Nie mam nic przeciwko drag queens, i zakładam, że Kasia Tusk także, ale ich stylizacje i makijaż są specyficzną kreacją sceniczną i kostiumem, które już same w sobie mają robić show. Zdecydowanie nie o to chodzi w weselnej etykiecie ubioru. A co w takim razie?
- Swoim strojem pokazujemy nasz stosunek do ludzi i danej sytuacji. Ślub to radosna i doniosła chwila i to także powinien odzwierciedlać nasz strój. Unikamy więc smutnych i pokutnych kolorów takich jak czerń czy mroczny brąz. Stawiamy zdecydowanie na elegancję niż luz. O ile czerń w przypadku kobiet jest zdecydowanie chybionym wyborem, to w przypadku męskiego garnituru ma uzasadnienie zwłaszcza jeśli uroczystość odbywa się późnym popołudniem i przechodzi w wieczorną zabawę. W przypadku pań zawsze bezpieczny będzie formalny strój dzienny, czyli elegancka sukienka lub garsonka… Do tego idealnie będzie pasował kapelusz czy fascynator. I tu uwaga co do kapelusza, w teorii nosimy go tylko do 17:00.

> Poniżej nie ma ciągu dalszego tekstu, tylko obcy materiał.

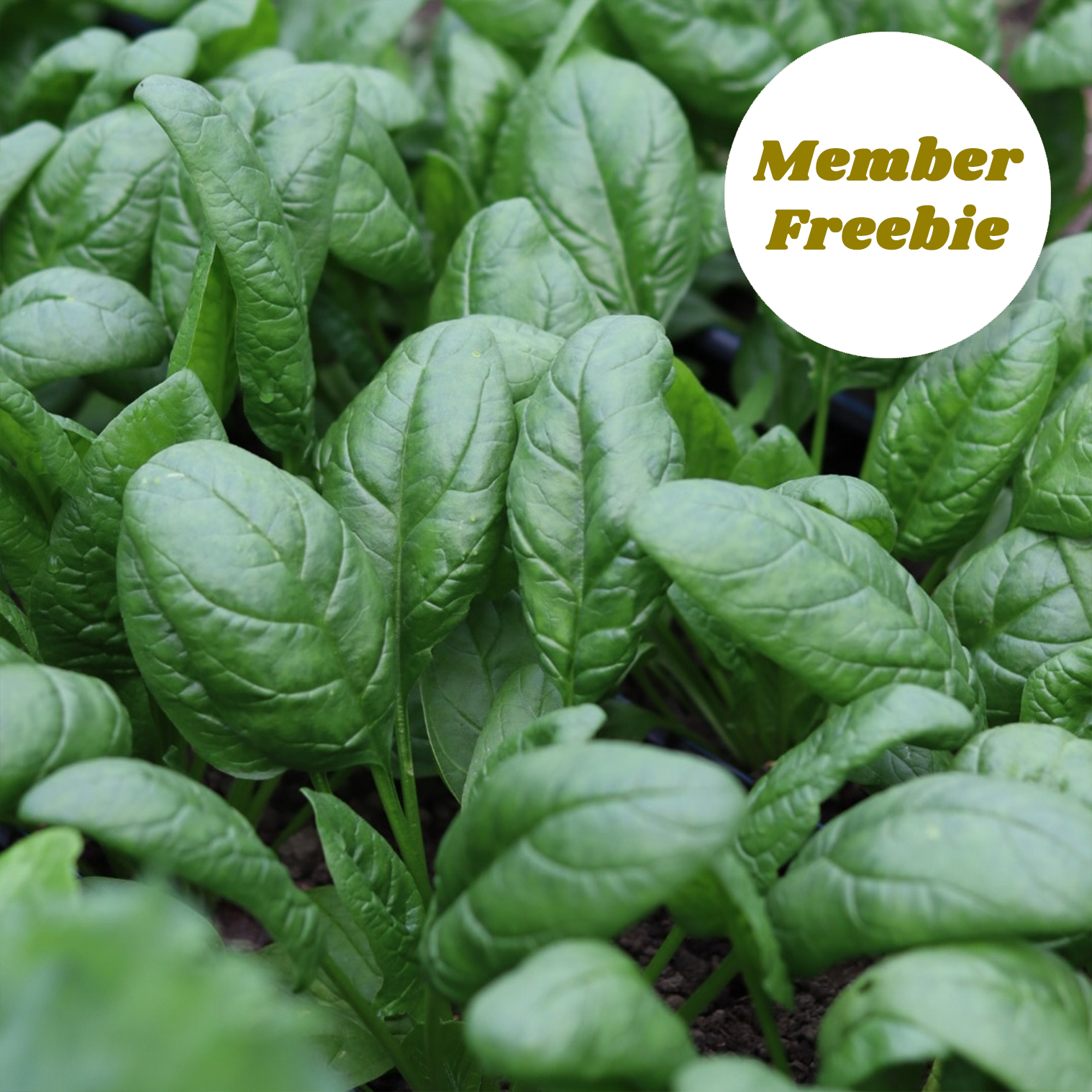 spinach.png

- Warto zdecydowanie postawić na umiar i dobry smak, bo często wesele to festiwal zalakierowanych na blachę koków, teatralnego makijażu a ostatnio doszła jeszcze plaga na oko czterocentymetrowych sztucznych rzęs. To zdecydowanie nie służy nam wizerunkowo.
- Kobieta, która będąc gościem decyduje się na białą sukienkę popełnia gafę, gdyż jest to przywilej tylko i wyłącznie panny młodej.

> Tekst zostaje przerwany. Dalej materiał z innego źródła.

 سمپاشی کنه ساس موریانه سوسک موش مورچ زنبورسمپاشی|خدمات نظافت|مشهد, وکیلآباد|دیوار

- W przypadku panów zakładanie koszuli z krótkim rękawem do garnituru jest tym co zaprzęganie przysłowiowego woła do karety. Rękaw koszuli powinien wystawać na około 1 cm przed rękaw marynarki.

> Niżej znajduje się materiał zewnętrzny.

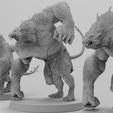 untitled.2718.jpg Free STL file Rattus Muscularis・3D printable design to download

Wymarzony gość weselny to nie tylko osoba ubrana bezbłędnie od stóp do głów, bo dodajmy do efektownej i gustownej stylizacji skwaszoną i niezadowolona minę i mamy gotową klapę. Tak więc niech zasadą numer 1 każdego gościa weselnego będzie: uśmiech i dobry humor! Nie pokazujemy irytacji , zdenerwowania i złego humoru w żadnym wypadku, nawet jeśli pięć minut przed wyjściem pokłóciłyśmy się mężem i właśnie poszło nam oczko w rajstopach.
O czym jeszcze pamięta wymarzony gość weselny?
- Precedencja i centrum uwagi
Ślub i wesele to przede wszystkim święto młodej pary i od początku do końca uroczystości to oni są w centrum zainteresowania i na pierwszym miejscu. Dlatego podejmowanie nawet w dobrej wierze inicjatywy, która odwraca uwagę od nowożeńców jest dużym nietaktem. Mam na myśli sytuacje typu: ktoś postanawia spontanicznie oświadczyć się; ktoś chwali się, że za kilka miesięcy będzie szczęśliwą mamą bliźniaków czy też ogłasza współbiesiadnikom informację o otrzymaniu nagrody „Businesswoman Roku”.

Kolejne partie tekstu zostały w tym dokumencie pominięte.